Suffolk Life Pensions Limited
- Industry: Financial services
- Founded: 1971
- Defunct: 2019
- Fate: Acquired and merged
- Successor: Curtis Banks
- Headquarters: Ipswich, Suffolk, United Kingdom
- Key people: Will Self, Chief Executive Officer
- Products: Pensions, Self-invested personal pensions
- AUM: £10.5 billion (2018) (assets under administration AUA))
- Website: www.suffolklife.co.uk

= Suffolk Life =

British pensions administrator

Suffolk Life was a British pensions administrator based in Ipswich, Suffolk. It mainly provided the administration of self-invested personal pensions (SIPPs), and personal pensions for private funds and self-invested funds of third party providers. Suffolk Life was a non-advice pension provider and was well known for commercial property expertise.

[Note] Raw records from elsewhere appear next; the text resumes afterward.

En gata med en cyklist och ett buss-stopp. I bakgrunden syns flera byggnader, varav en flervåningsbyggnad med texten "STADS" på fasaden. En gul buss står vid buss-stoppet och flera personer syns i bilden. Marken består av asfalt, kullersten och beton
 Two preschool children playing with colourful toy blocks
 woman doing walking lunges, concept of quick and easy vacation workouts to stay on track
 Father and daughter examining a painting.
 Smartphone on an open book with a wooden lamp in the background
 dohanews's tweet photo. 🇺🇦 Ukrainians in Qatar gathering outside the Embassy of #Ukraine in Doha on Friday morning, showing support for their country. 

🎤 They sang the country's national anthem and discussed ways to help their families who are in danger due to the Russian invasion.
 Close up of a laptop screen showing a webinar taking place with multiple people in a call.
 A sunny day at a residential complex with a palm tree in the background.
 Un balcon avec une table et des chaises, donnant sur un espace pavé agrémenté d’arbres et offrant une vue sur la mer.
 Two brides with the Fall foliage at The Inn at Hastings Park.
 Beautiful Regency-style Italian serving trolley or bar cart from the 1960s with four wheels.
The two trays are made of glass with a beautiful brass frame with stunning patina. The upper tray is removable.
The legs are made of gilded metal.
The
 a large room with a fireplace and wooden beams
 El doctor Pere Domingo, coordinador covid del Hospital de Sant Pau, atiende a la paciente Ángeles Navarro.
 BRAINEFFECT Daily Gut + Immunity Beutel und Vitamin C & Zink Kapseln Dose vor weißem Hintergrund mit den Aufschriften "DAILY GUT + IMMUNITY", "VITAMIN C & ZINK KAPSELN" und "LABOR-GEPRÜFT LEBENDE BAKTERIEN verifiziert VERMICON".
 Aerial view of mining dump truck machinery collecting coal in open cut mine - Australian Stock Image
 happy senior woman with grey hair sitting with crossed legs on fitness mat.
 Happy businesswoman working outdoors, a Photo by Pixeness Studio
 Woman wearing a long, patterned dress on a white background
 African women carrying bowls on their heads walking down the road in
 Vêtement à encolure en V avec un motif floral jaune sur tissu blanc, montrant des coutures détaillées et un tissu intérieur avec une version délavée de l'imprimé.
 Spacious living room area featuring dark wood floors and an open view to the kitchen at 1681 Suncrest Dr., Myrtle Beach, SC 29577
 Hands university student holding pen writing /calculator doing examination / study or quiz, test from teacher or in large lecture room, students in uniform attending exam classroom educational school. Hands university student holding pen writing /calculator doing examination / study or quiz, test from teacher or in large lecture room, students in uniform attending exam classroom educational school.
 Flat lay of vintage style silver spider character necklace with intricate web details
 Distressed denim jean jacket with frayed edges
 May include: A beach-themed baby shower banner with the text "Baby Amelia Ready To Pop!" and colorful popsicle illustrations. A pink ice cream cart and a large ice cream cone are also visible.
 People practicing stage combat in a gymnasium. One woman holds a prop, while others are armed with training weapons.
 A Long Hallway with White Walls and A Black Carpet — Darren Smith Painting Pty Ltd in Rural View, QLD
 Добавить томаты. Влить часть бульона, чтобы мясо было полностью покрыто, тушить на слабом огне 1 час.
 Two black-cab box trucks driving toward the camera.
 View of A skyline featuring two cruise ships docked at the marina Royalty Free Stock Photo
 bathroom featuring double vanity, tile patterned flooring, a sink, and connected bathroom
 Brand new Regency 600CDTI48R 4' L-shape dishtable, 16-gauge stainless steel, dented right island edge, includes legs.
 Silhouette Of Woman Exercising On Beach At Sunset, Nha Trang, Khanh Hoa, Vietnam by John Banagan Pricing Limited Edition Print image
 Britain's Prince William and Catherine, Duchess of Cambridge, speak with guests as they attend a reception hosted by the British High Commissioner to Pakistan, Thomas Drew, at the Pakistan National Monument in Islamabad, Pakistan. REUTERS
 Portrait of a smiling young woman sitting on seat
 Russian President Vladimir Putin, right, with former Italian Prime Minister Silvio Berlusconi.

The company was acquired by the Curtis Banks Group plc for £45 million from Legal & General on 25 May 2016. The brand aligned with Curtis Banks in 2018 and was completely replaced by the parent Curtis Banks brand and identity in 2019.

== History ==
Suffolk Life was established in 1971 by a group of solicitors, with the aim of allowing commercial property to be purchased using pension funds. The business was founded by Alan Catchpole, and then taken over by his son, Henry Catchpole, who held the role of managing director from 1997 until 2010.

One of the company's early focuses was SSAS (Small Self Administered Scheme) administration, however in 2006 Suffolk Life sold this book of business to Mattioli Woods, a specialist pensions consultancy, to focus on the administration of self-invested personal pensions (SIPPs). Suffolk Life's first SIPP product (The Suffolk Life SIPP), launched in 1996, was written as an insurance contract by Suffolk Life Annuities Limited, an insurance company within the Suffolk Life group.

In 2007 The Suffolk Life SIPP closed to new business. Suffolk Life launched a new product, the MasterSIPP - a self-invested personal pension allowing more flexibility concerning the self-investment of protected rights.

2010 saw the introduction of the SimSIPP - a product aimed at those investors and advisers who dealt solely with one investment manager. They then had partnerships with several investment managers.

Suffolk Life introduced the SmartSIPP in 2011 - a platform-based self-invested personal pension (SIPP) allowing access to funds within selected platforms and a stockbroker.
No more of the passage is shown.